Lagrein is mostly bottled as a varietal wine, though it’s a companion to Schiava in the aforementioned Santa Maddalena wines to add heft and structure. These wines are full-bodied and coat the tongue like velvet – but still with the region’s notable acidity and mineral edge. Red and black berry fruits, plum, violets as well as earthy notes can be found. Think beef, game, and aged cheeses when bringing this one to the dinner table. I’m also thinking a little smoky Texas BBQ. Because it’s definitely grilling season!

In my neck of the woods and looking for the red wines of Alto Adige-Südtirol? Our friends at Total Wine as well as local shops Vinology and Houston Wine Merchant have a few to try.

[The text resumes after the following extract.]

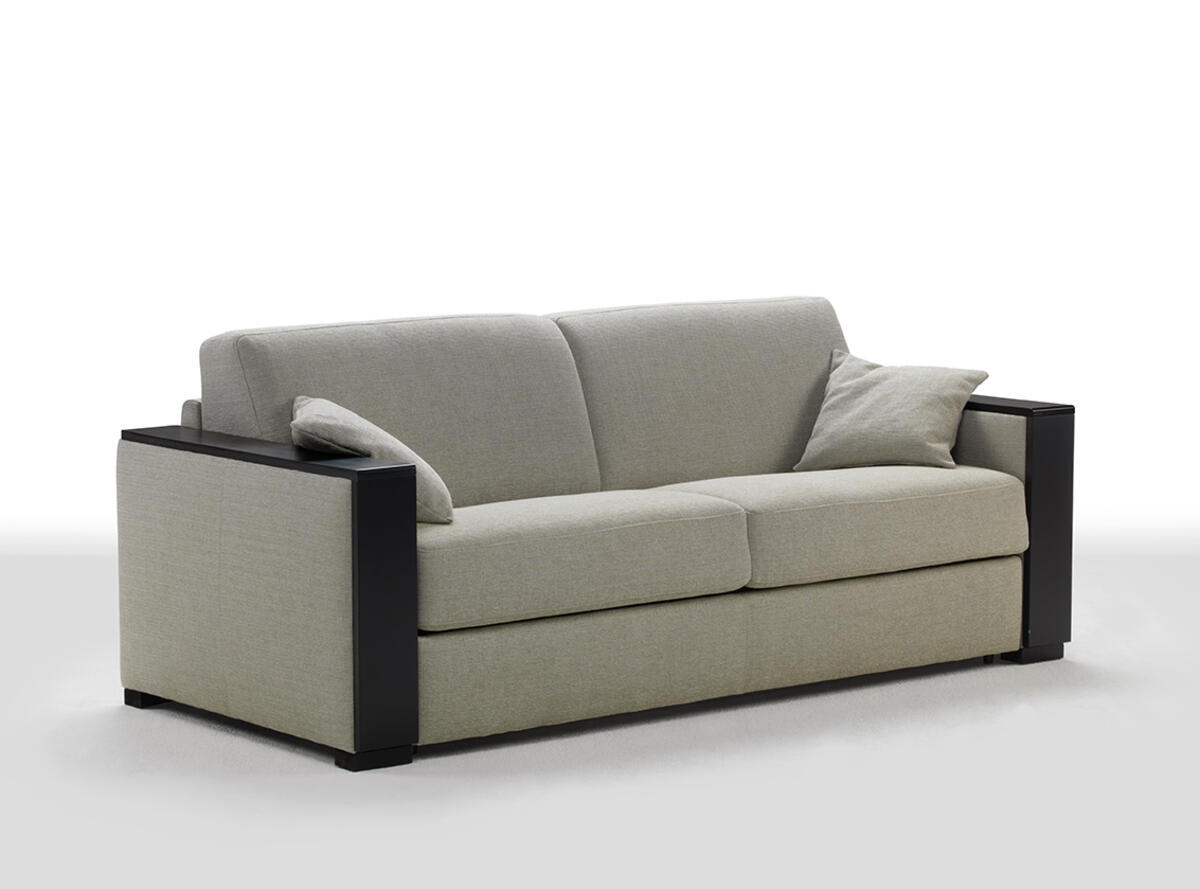 Elegantes Schlafsofa Gino mit 3 Sitzplätzen, rechteckigen Holzfüßen und Holzrahmen an den Armlehnen, perfekt für moderne Büros.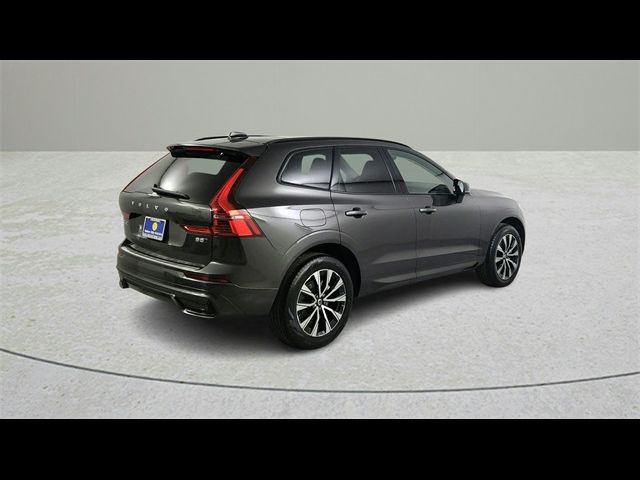 2025 Volvo XC60 Core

And of course, always check Wine.com.

I was even able to find a Schiava rosé! And what a lovely rosé it was. With all the fresh, ripe fruit, it was like summer in a bottle.

Albino Armani Schiava Rosé

I have to say that articles like this remind that I’ve yet to really explore Italy during my travels. I’ve traveled all around it – Croatia, Slovenia, Austria, Germany, Switzerland, France and more – but only Venice when it comes to Italy. Well I’m going to fix that! And soon!

The Corkscrew Concierge in front of the Venice Grand Canal with “Boat Hair” and Sleep Deprived from a Delayed Flight

And while I’ve shared my thoughts on the indigenous red wines of Alto Adige-Südtirol, do take the opportunity to try some of the other reds of the region. That Pinot Nero aka Pinot Noir could be life changing.

Note: Cover Image Courtesy of Südtirol Wein – Vino Alto Adige Facebook


  1. Robin Renken
    3 years ago

    There are so many wonderful wines out there and I have not had a Schiava or a Langrein in way too long. While I’ve never visited, I’ve always found this to be a fascinating region. Add another to the bucket list!

    1. Kat
      3 years ago

      I agree, it’s such a fascinating region. I would love to visit in person one day.